_GIVEN DATA:_
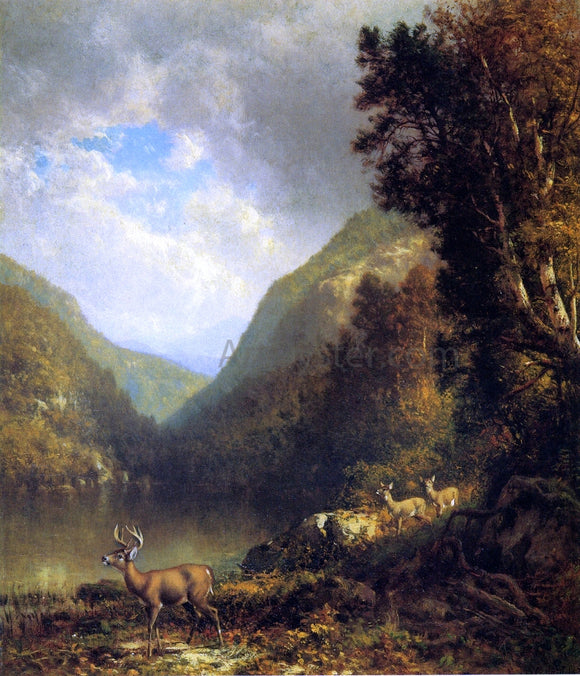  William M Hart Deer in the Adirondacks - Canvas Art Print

---

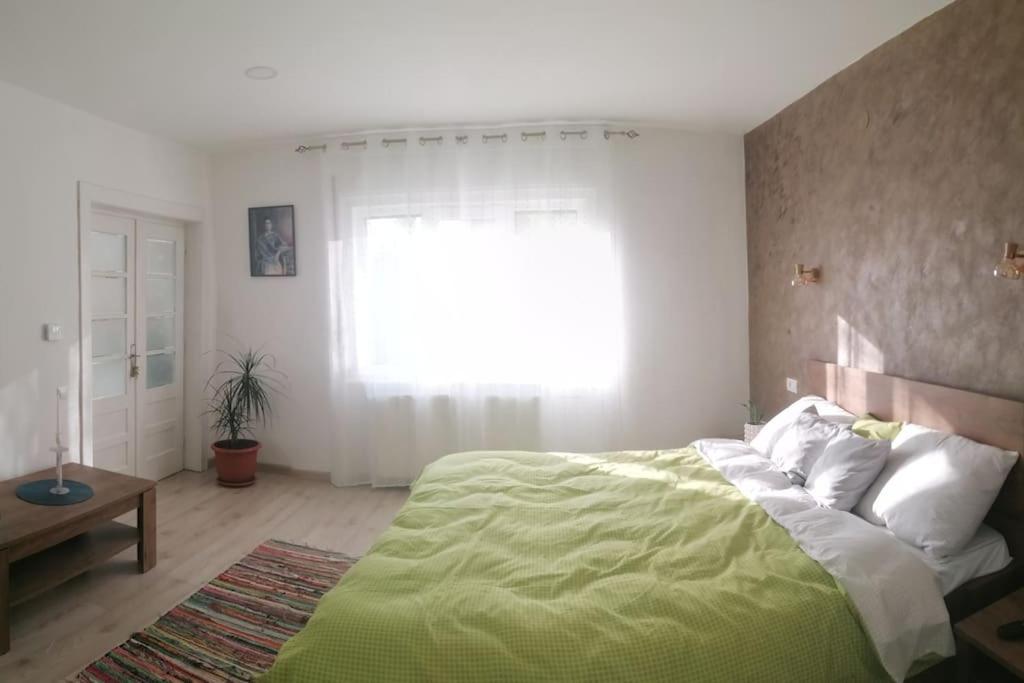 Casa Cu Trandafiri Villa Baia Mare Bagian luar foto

...

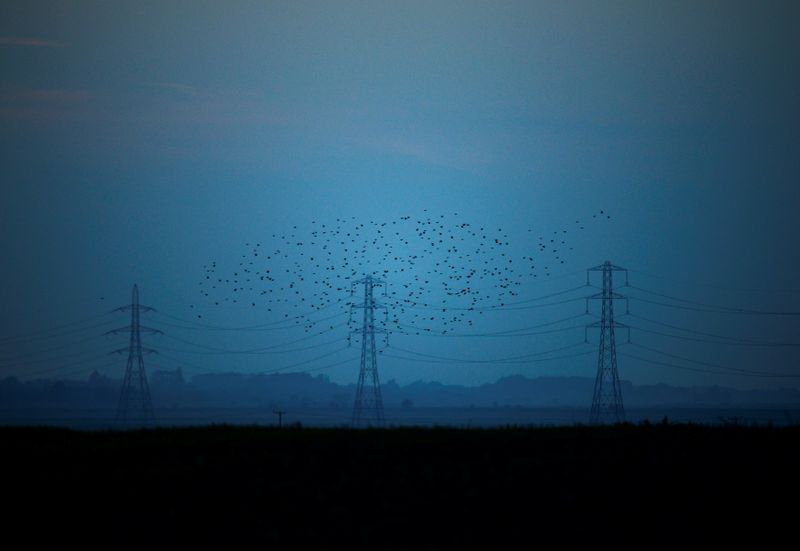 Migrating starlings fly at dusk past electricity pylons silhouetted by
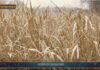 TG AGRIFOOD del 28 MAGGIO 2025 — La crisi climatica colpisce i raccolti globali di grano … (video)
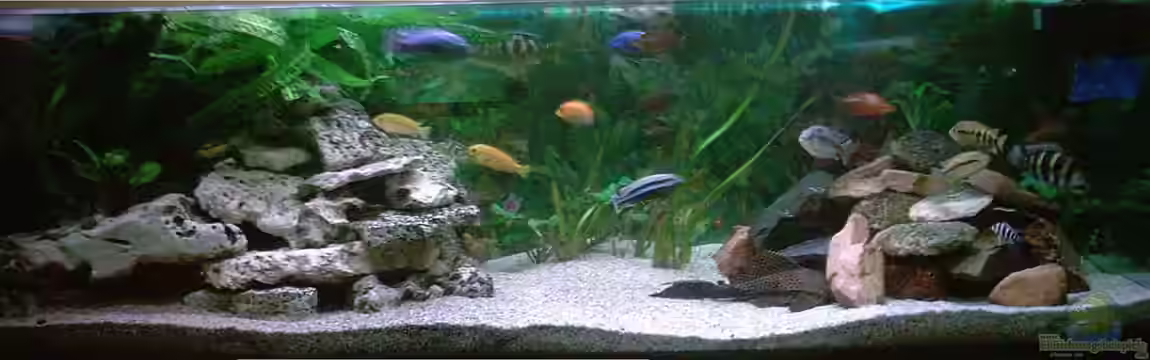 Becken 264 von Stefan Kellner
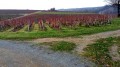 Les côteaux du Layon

_TASK DESCRIPTION:_ Beginning with the line that contains "Migrating starlings fly", write out the lines of the material above exactly, and end with the line that contains "Les côteaux du Layon". Omit the pictures.

_SOLUTION:_
 Migrating starlings fly at dusk past electricity pylons silhouetted by
 TG AGRIFOOD del 28 MAGGIO 2025 — La crisi climatica colpisce i raccolti globali di grano … (video)
 Becken 264 von Stefan Kellner
 Les côteaux du Layon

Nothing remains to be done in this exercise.